Ukraine Forces Attack Rebels 'From Air and Land' After End of Ceasefire

Pro-Russian rebel checkpoint
Pro-Russian rebels from the Vostok Battalion stand guard at a checkpoint in Donetsk. Gleb Garanich/Reuters

KIEV (Reuters) - Ukrainian government forces launched air strikes and artillery assaults on pro-Russian separatists in eastern regions on Tuesday, a military spokesman said, after President Petro Poroshenko announced he would not renew a ceasefire.

Poroshenko said in an early morning announcement that government forces would renew offensive operations against rebels and "free our lands", hours after a ceasefire to allow for peace talks with the pro-Russian separatists had expired.

"After the President's speech, the ATO (Anti-Terrorist Operation) went into action.
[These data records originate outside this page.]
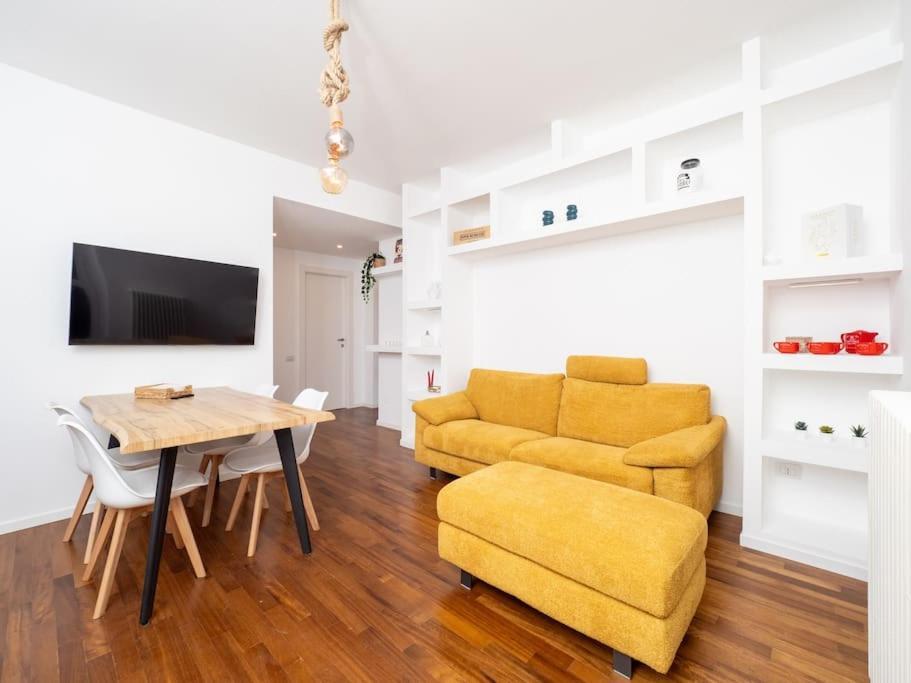 Raffinato Bicocca Apartment Milan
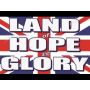 Land of Hope and Glory - Wind Band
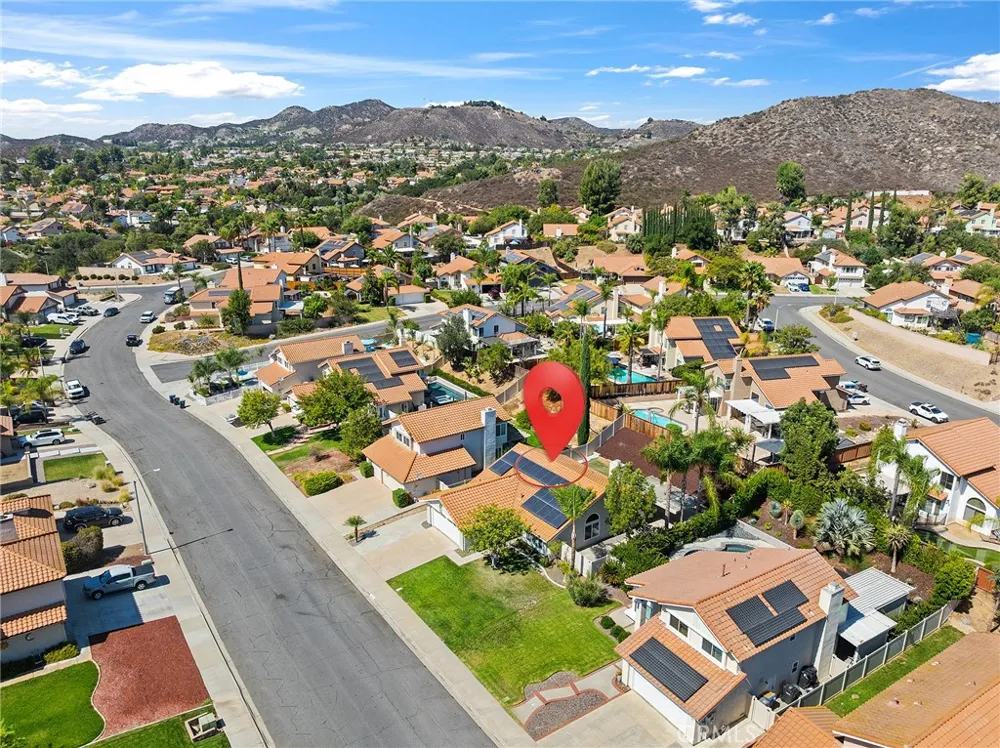 39776 Castile Avenue Murrieta, CA 92562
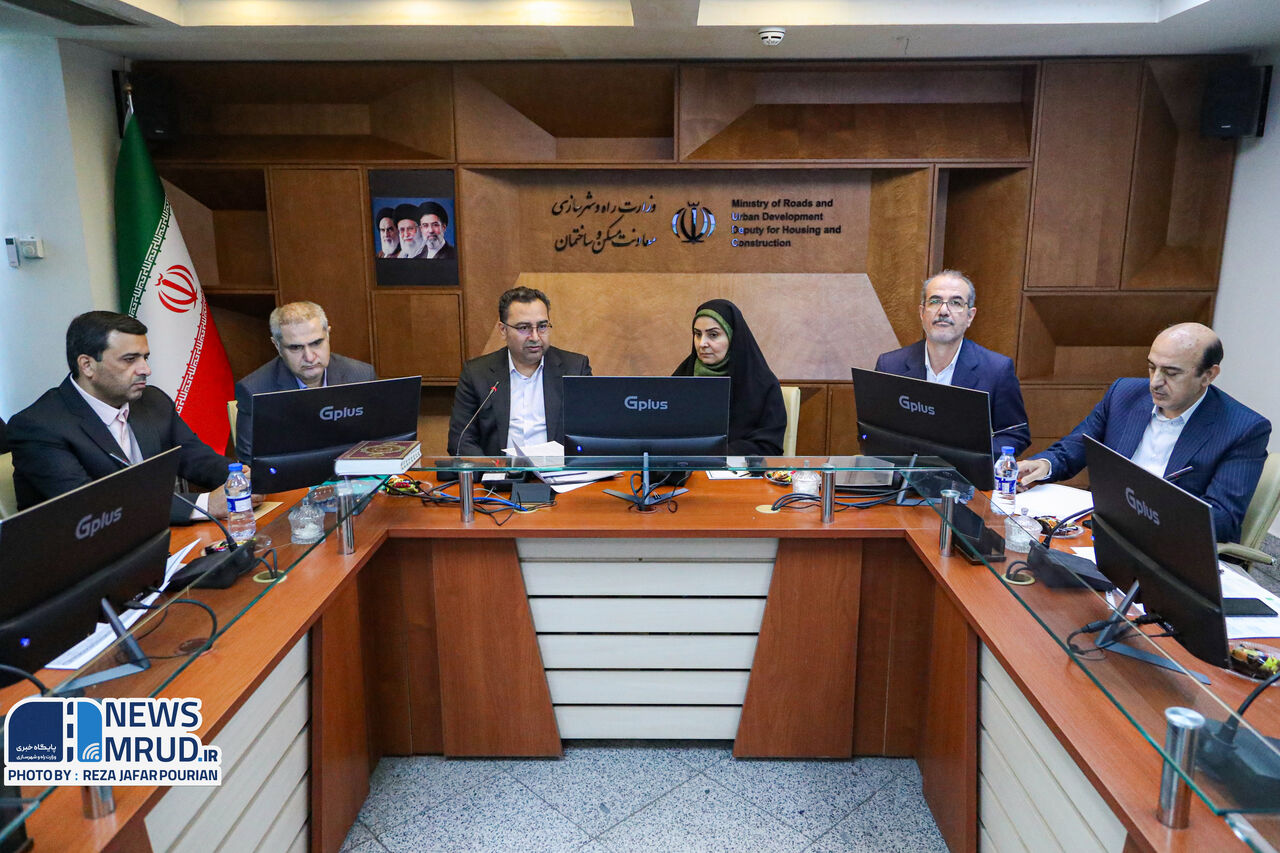 جدیت در اجرای طرح تامین مسکن استیجاری زوجهای جوان/پیمانکاران کمکار برکنار میشوند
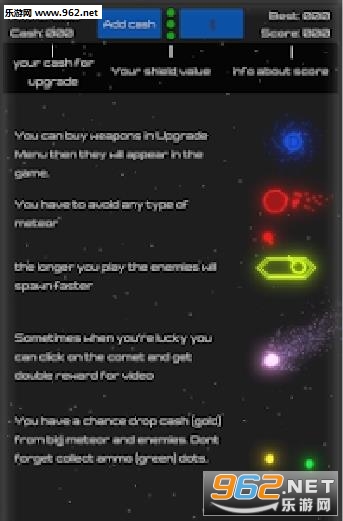 Laser Blast Survival��׿���ͼ0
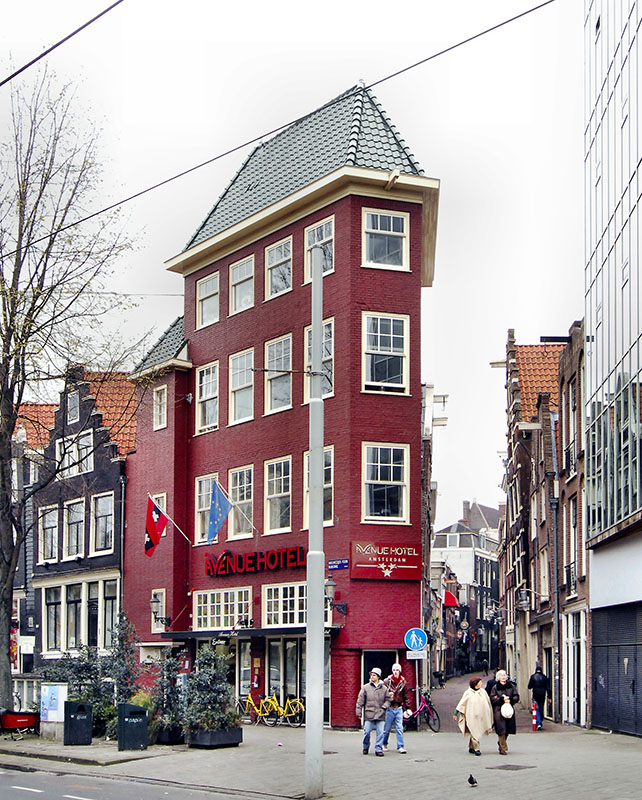 amsterdam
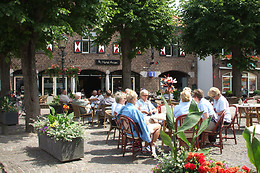 Hotel Arcen & Restaurant de Oude Hoeve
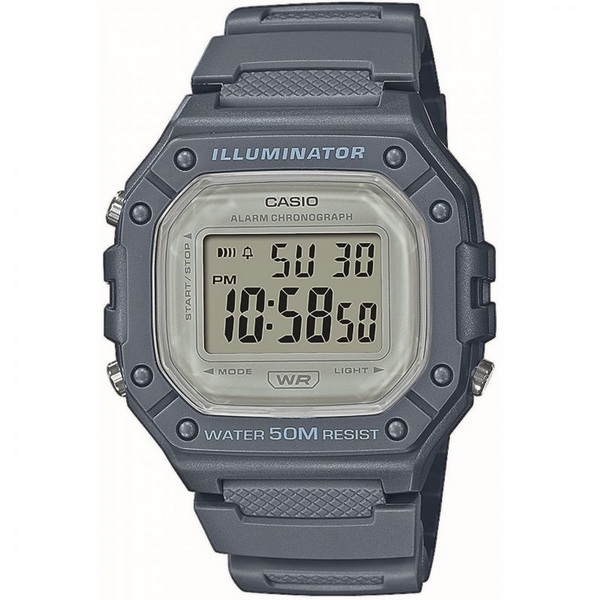 The Unisex Casio Men's Watch
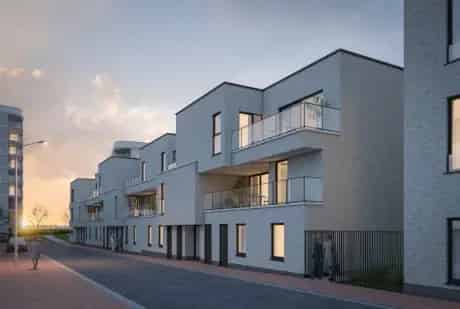 Project: Ostendialaan - Bredene 2623664-8627435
We opened artillery fire, carried out air strikes at the strategic points of the terrorists and places where they are concentrated," military spokesman Oleksiy Dmytrashkovsky was reported as saying by Interfax news agency.

Dmytrashkovsky said rebels had fired on an SU-25 attack aircraft, damaging it, but the plane had manage to land safely at its air base. He denied a rebel report that a military helicopter had been brought down.

One Ukrainian serviceman had been killed and 17 wounded in the past 24 hours in rebel attacks on Ukrainian posts, he said.

The defence ministry confirmed that Ukrainian forces had launched attacks on the rebels "from the air and land".

"The terrorists' plan to significantly escalate armed confrontation has been disrupted and the threat of losses to the civilian population and service personnel has been liquidated," the ministry said on its website.

Poroshenko, who accuses Russia of fanning violence in eastern Ukraine, dismissed Moscow's offers to defuse the crisis, and accused the rebels of failing to keep to the truce or follow a peace plan he had outlined.